Welcome to dcat’s documentation!

dcat is data cataloging service for machine learning artisans. This python package is a backed by a web service, that stores meta data for machine learning artifacts. It currently supports 3 artifact types: Feature, Label, and Model.

dcat also provides a binary for the command line shell.

Installation

Install the latest version of dcat python package using pip

pip install dcat --no-cache-dir

Configuration

dcat talks to a web service to store the meta data.
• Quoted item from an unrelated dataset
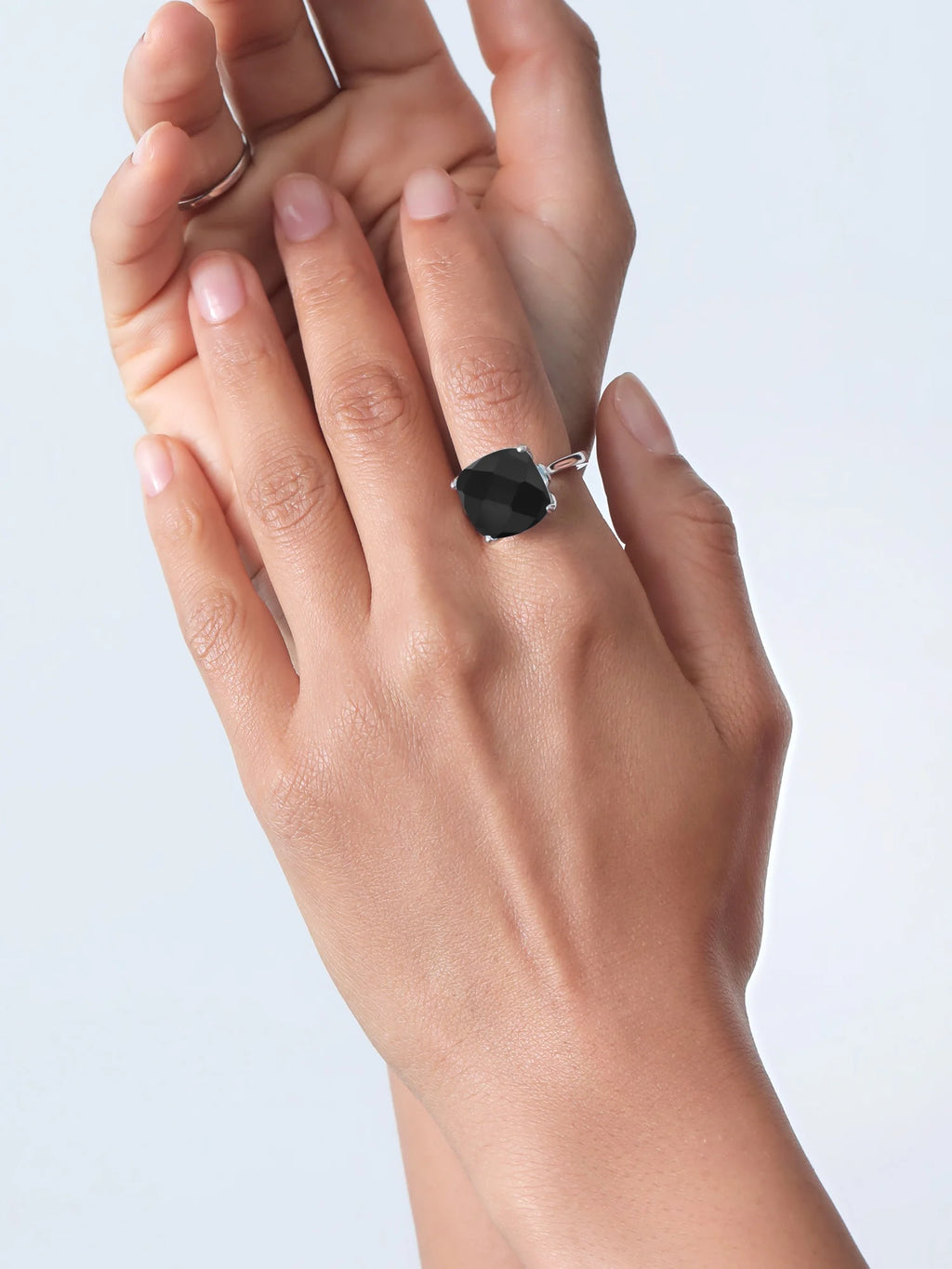 925 Sterling Silver Black Onyx and White Moissanite Engagement Ring W588535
Currently, dcat relies on Environment variables to determine the webservice host and credentails.

Please contact the server administrator for the host name and credentials.

Here are the two common ways to add the Environment Variables.

Shell

Add the following lines to the shell initialization file, for example ~/.bashrc for Bash or ~/.zshrc for Zsh.

export DCAT_HOST=<hostname>
export DCAT_AUTH_USER=<username>
export DCAT_AUTH_PASSWORD=<password>

Restart the terminal session for the changes to take effect.

Python

import os

os.environ['DCAT_HOST'] = hostname
os.environ['DCAT_AUTH_USER'] = username
os.environ['DCAT_AUTH_PASSWORD'] = password

Again, please contact the administrator for the valid host name and credentials.

Artifacts

Dcat supports following artificat types. These artifcats should have a close resemblance the the artificats a machine learning artisan would work with.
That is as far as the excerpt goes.